[Opening RECORDS FOR THE TASK section]

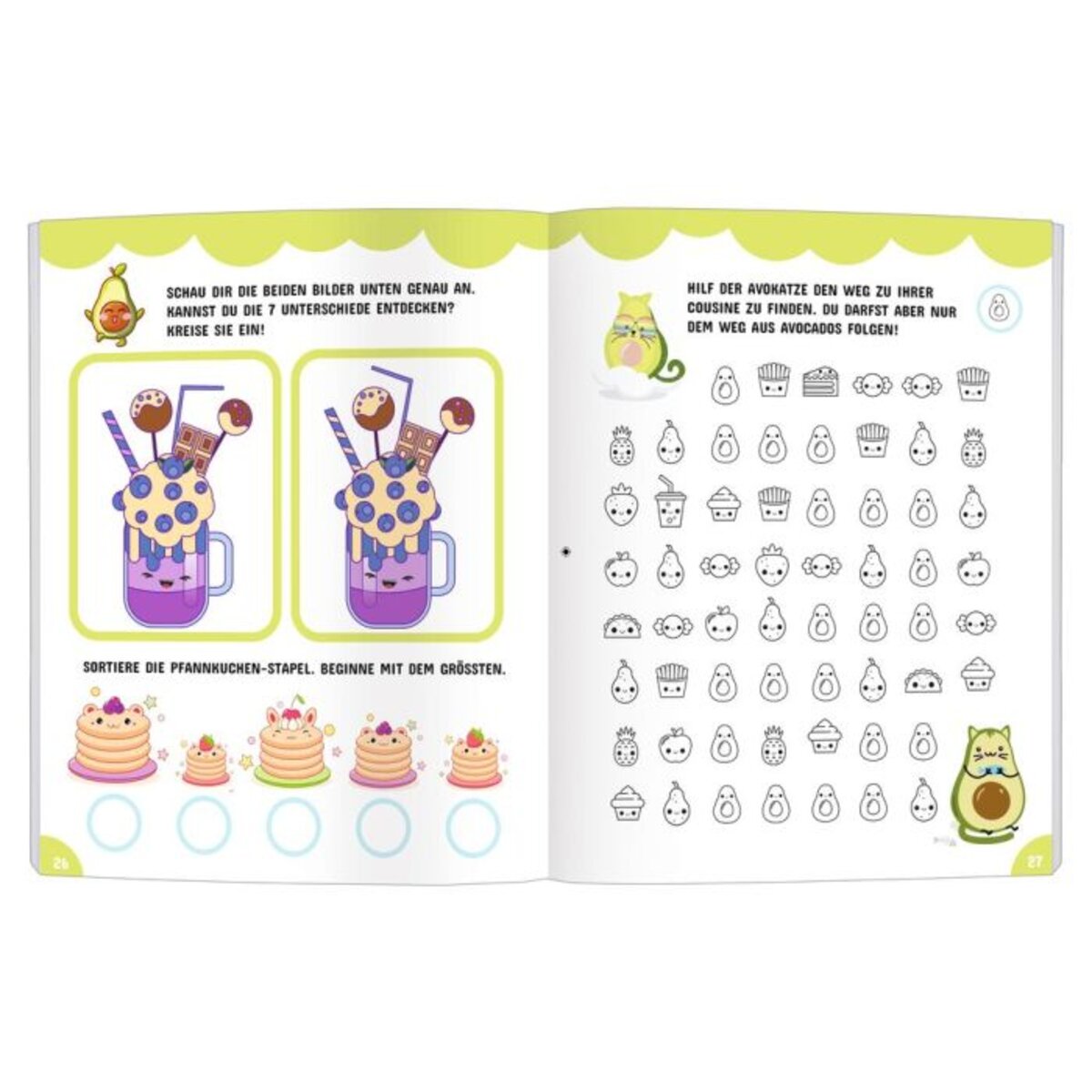 moses. Kawaii Supersüßer Rätsel- und Malspaß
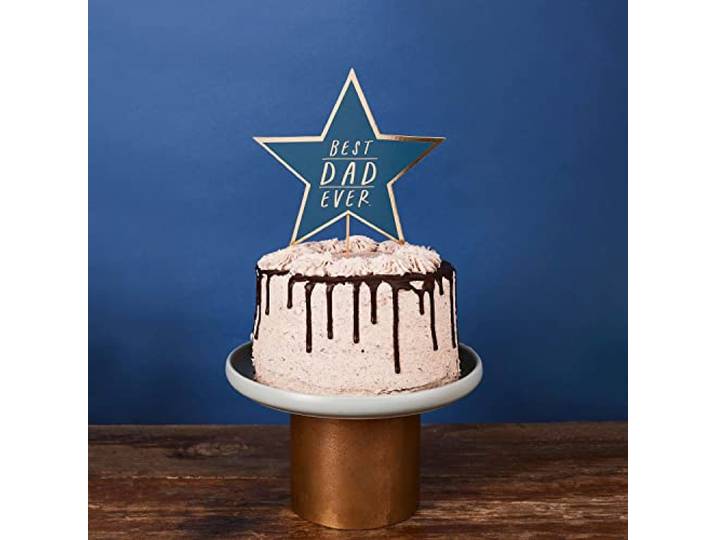 BESTE VADER OOIT GOUD FOILED CAKE TOPPER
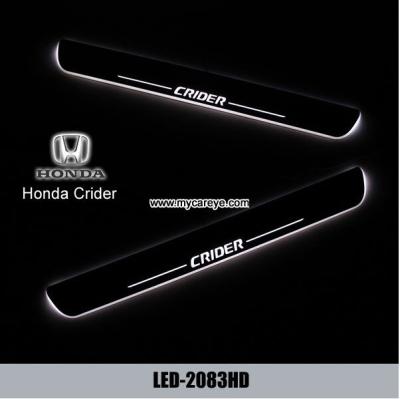 China Honda Crider Car accessory moving door scuff LED Pedal Lights for sale for sale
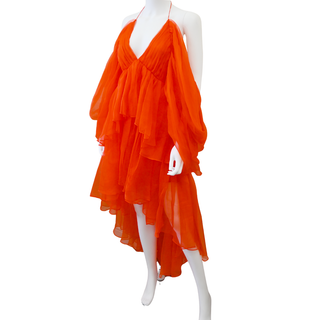 ZIMMERMANN | Natura Tiered Silk Organza Mini Dress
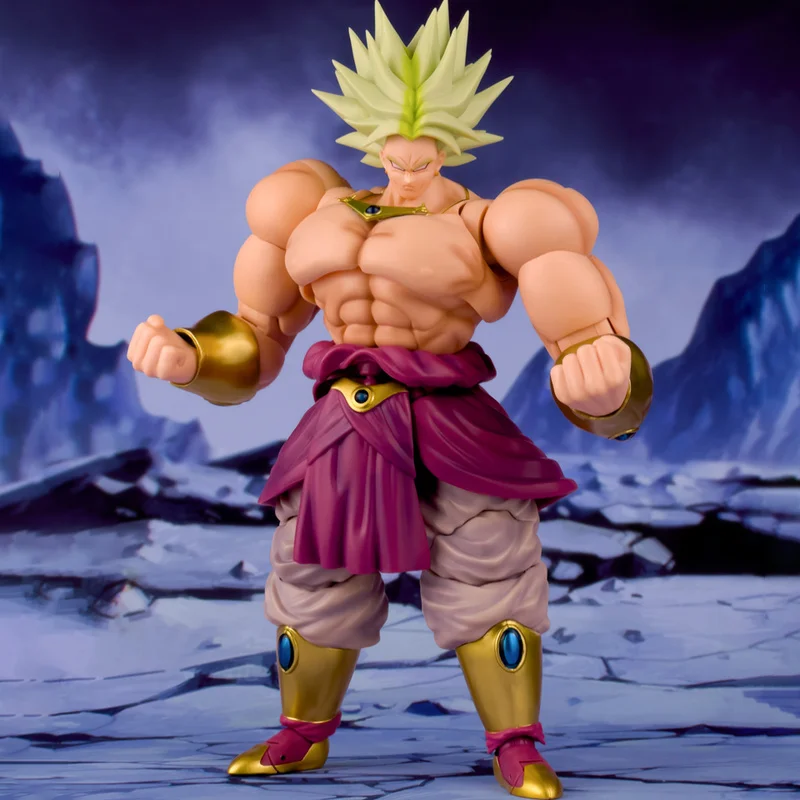 

Dragon Ball Broly Figurine Demoniacal Fit Legendary Berserker Universe Shock PVC 22CM Movable Model Official Stock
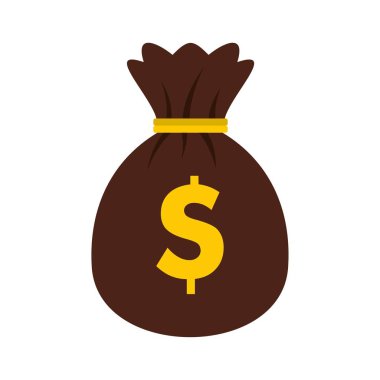 Dolar simgesi, düz stil çanta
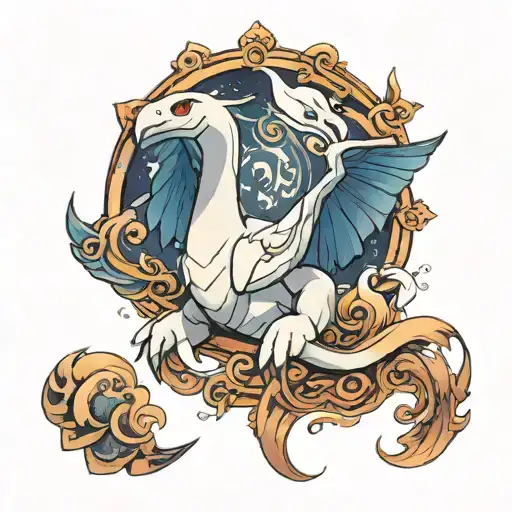 lugia tattoo design idea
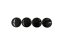 4pcs Wheel center caps VW VOLKSWAGEN 65mm 3B7601171 Black glossy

[Closing RECORDS FOR THE TASK section]

*WORK INSTRUCTION*
The line containing "China Honda Crider" and each line after it through the end of the listing above are to be written out exactly, without the pictures.

*COMPLETED TASK*
 China Honda Crider Car accessory moving door scuff LED Pedal Lights for sale for sale
 ZIMMERMANN | Natura Tiered Silk Organza Mini Dress

Dragon Ball Broly Figurine Demoniacal Fit Legendary Berserker Universe Shock PVC 22CM Movable Model Official Stock
 Dolar simgesi, düz stil çanta
 lugia tattoo design idea
 4pcs Wheel center caps VW VOLKSWAGEN 65mm 3B7601171 Black glossy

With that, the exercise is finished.